## SOURCE INFORMATION
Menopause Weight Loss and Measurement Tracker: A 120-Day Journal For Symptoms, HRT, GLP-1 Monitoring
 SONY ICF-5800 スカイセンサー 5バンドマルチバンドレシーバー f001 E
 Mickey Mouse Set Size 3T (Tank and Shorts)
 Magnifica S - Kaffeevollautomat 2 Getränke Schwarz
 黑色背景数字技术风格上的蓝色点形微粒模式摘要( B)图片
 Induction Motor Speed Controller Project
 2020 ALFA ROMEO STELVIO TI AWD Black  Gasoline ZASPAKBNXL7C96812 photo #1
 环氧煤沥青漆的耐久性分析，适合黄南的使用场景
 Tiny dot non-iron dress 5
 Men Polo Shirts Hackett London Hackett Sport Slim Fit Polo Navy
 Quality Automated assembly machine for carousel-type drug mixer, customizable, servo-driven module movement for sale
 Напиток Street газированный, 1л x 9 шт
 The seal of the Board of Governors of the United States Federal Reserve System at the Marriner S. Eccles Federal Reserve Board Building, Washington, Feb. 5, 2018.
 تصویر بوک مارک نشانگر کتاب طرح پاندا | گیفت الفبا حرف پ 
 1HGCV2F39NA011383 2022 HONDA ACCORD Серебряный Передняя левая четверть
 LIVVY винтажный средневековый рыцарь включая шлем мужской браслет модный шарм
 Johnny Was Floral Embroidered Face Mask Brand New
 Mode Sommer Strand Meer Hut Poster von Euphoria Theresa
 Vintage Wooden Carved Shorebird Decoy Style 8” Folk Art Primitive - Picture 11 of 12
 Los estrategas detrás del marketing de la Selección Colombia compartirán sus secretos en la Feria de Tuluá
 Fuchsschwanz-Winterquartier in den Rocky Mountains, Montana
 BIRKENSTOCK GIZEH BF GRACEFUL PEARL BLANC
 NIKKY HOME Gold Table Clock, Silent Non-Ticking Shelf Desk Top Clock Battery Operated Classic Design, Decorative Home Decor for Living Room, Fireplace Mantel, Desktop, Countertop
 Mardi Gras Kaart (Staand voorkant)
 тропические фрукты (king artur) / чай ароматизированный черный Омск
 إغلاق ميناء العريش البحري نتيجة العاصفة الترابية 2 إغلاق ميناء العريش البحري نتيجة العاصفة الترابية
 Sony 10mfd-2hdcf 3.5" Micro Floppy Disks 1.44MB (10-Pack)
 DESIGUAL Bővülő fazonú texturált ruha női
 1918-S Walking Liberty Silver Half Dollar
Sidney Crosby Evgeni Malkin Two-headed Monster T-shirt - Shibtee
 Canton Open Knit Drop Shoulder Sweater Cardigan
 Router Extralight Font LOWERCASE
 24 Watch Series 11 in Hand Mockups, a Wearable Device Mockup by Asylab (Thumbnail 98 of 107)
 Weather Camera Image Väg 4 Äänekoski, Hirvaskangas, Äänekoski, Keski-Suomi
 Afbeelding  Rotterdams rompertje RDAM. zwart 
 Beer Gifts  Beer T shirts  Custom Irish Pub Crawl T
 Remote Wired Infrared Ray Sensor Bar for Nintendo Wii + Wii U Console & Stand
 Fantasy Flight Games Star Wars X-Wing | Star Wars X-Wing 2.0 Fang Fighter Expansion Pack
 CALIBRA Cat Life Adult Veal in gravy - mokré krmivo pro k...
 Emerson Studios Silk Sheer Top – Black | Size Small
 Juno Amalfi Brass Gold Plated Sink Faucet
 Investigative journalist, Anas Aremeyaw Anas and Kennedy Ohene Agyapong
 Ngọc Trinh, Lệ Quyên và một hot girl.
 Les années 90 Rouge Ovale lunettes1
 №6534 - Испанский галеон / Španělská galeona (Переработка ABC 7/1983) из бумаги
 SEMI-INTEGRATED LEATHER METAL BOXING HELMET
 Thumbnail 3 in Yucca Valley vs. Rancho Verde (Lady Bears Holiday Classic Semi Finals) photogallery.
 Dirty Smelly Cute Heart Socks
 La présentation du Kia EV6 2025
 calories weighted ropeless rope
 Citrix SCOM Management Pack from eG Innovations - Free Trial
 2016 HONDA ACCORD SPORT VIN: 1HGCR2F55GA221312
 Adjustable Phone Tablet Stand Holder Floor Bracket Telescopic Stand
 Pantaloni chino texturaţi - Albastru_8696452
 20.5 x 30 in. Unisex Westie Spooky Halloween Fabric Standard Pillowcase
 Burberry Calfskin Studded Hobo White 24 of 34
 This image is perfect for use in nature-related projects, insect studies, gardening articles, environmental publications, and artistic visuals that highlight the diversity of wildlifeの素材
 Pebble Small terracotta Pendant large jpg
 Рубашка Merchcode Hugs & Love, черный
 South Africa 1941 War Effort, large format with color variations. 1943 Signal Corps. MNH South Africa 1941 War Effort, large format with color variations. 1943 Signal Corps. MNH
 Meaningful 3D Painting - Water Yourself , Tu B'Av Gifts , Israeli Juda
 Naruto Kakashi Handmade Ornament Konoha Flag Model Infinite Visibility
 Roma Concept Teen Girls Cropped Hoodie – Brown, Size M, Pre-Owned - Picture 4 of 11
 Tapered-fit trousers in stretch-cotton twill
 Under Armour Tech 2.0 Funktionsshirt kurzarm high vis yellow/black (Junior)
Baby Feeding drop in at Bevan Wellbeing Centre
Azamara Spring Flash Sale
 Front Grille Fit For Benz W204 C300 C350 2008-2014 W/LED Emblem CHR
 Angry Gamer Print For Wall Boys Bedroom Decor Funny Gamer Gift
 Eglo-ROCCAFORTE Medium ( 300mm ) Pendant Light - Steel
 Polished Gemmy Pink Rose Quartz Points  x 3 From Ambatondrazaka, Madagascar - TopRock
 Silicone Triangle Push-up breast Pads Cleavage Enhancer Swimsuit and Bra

## TASK DETAILS
Each line, from the one that holds "Eglo-ROCCAFORTE Medium ( 300mm" through the last line of the entries, must be repeated exactly. Leave out everything else.

## ANSWER SPACE
 Eglo-ROCCAFORTE Medium ( 300mm ) Pendant Light - Steel
 Polished Gemmy Pink Rose Quartz Points  x 3 From Ambatondrazaka, Madagascar - TopRock
 Silicone Triangle Push-up breast Pads Cleavage Enhancer Swimsuit and Bra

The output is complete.